DATA BELOW:
[Start of section]

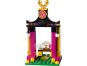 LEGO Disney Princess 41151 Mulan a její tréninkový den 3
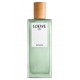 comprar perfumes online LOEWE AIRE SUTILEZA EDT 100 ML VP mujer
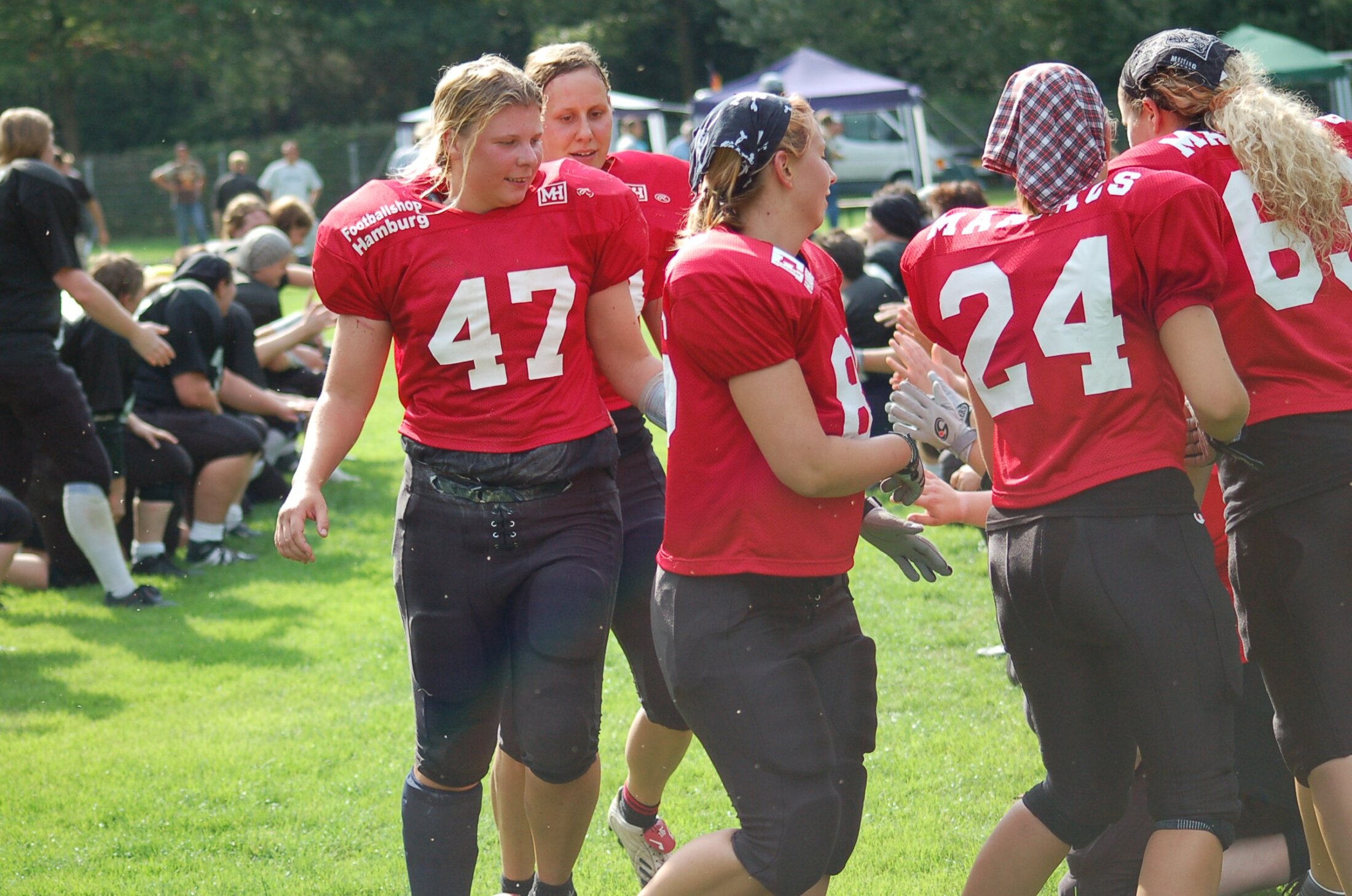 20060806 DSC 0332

[End of section]

WHAT YOU NEED TO DO:
Return each line of the material exactly as written; exclude the pictures.

RESULT OF THE TASK:
 LEGO Disney Princess 41151 Mulan a její tréninkový den 3
 comprar perfumes online LOEWE AIRE SUTILEZA EDT 100 ML VP mujer
 20060806 DSC 0332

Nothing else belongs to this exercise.